Notwithstanding the foregoing, an assignment by Buyer of the Interest to an Affiliate after the Closing will not be a breach of this Section 5.7 and no such assignment shall in any manner limit, affect, or release Buyer from its obligations to Seller under this Agreement.
Section 5.8Buyer’s Independent Investigation. Buyer and its Representatives have undertaken an independent investigation and verification of the business, operations and financial condition of the Company. Except for the representations and warranties made by Seller relating to the Company in this Agreement or in any certificate or written statement furnished or to be furnished to Buyer pursuant to this Agreement, Buyer acknowledges that:
(a)Buyer has been afforded access to and the opportunity to inspect the Company, the Business, and all other due diligence materials; and
(b)Buyer has inspected the Company and its Business and all other due diligence materials, in each case to the extent Buyer deems necessary or advisable in connection with its decision to enter into this Agreement and to consummate the transactions contemplated hereby.
Section 5.9Exclusive Representations and Warranties. Buyer acknowledges that except for the representations and warranties contained in Article III with respect to Seller, Article IV with respect to the Company (in each case, as modified by the Disclosure Schedules), the Transition Services Agreement, and any certificate or written statement furnished or to be furnished to Buyer pursuant to this Agreement, none of Seller, the Company or any other Person on their behalf makes any other express or implied representation or warranty with respect to Seller, the Company or the transactions contemplated by this Agreement, and Seller disclaims any other representations or warranties, whether made by Seller or any other Person.
COVENANTS
Section 6.1Conduct of Business.

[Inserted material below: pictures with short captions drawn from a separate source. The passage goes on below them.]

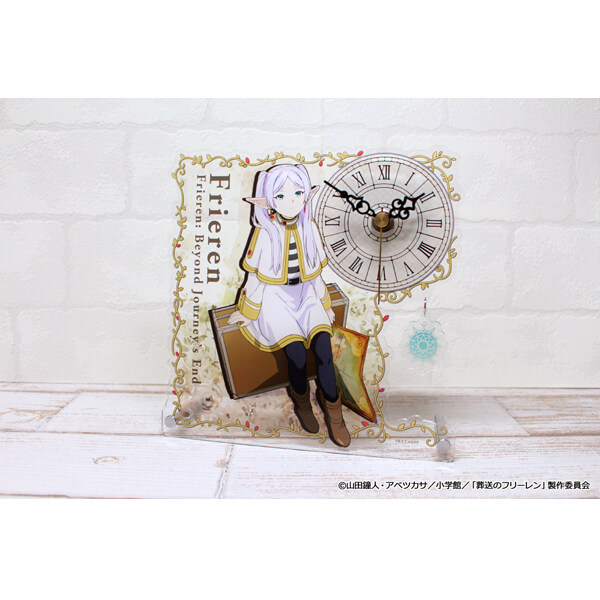 葬送のフリーレン アクリル置時計【A】｜アニメ・キャラクターコラボ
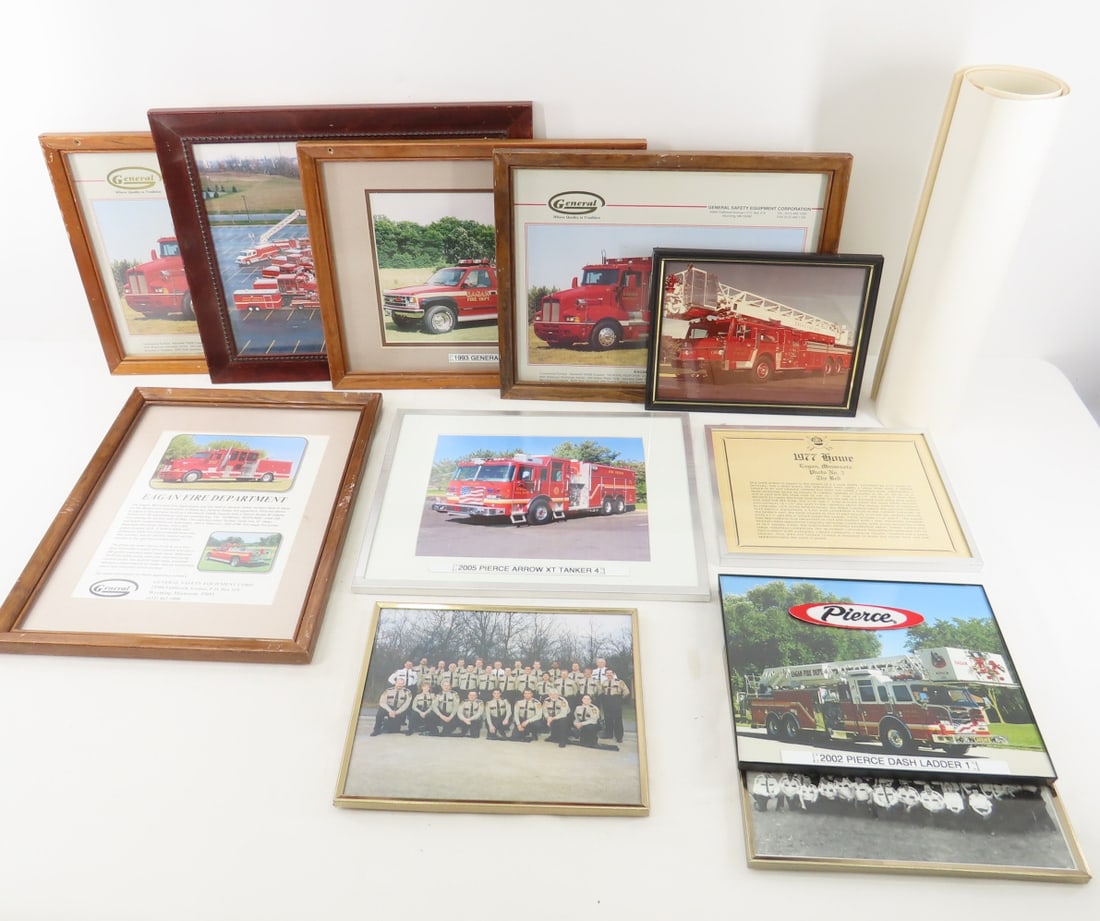 Firefighter Related Framed prints, Airplane Pics (1 of 19)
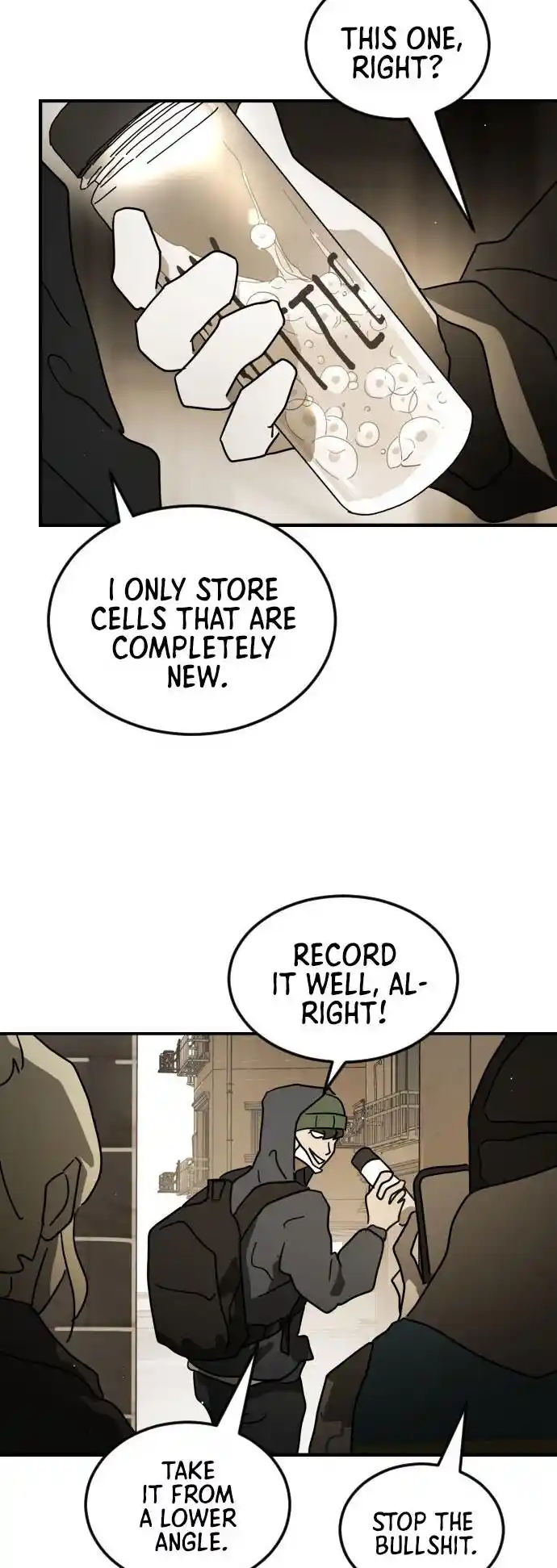 One Day, Suddenly, Seoul Is Vol.1 Chapter 81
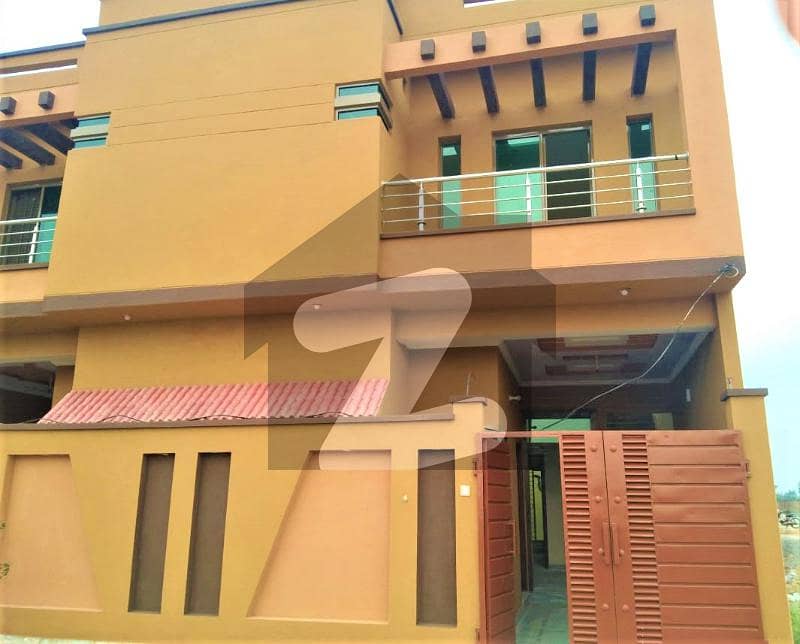 3 Marla Brand New Double Storey House For Sale On Cash Or 1 Year Installments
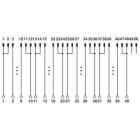 PHOENIX CONTACT - PHC2903804 VIP-2/PT/FLK50 (1-40) /S7 MODULO VARIOFA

Except as set forth in Schedule 6.1(b) or specifically permitted by this Agreement:
(a)From the date of this Agreement through the Closing, Seller shall cause the Company to operate the Business in the ordinary course, consistent with past practices. Without limiting the generality or effect of the foregoing, from the date of this Agreement through the Closing, Seller shall cause the Company to (i) use its commercially reasonable efforts to maintain its properties and assets, (ii) comply in all material respects with all applicable Laws, Orders and Permits and use commercially reasonable efforts to perform all of its obligations under all Material Contracts, (iii) use its commercially reasonable efforts to preserve intact the Business and its relationships with customers, suppliers and others having business relationships with it, in each case in all material respects, and (iv) operate the Business in the ordinary course, consistent with past practices.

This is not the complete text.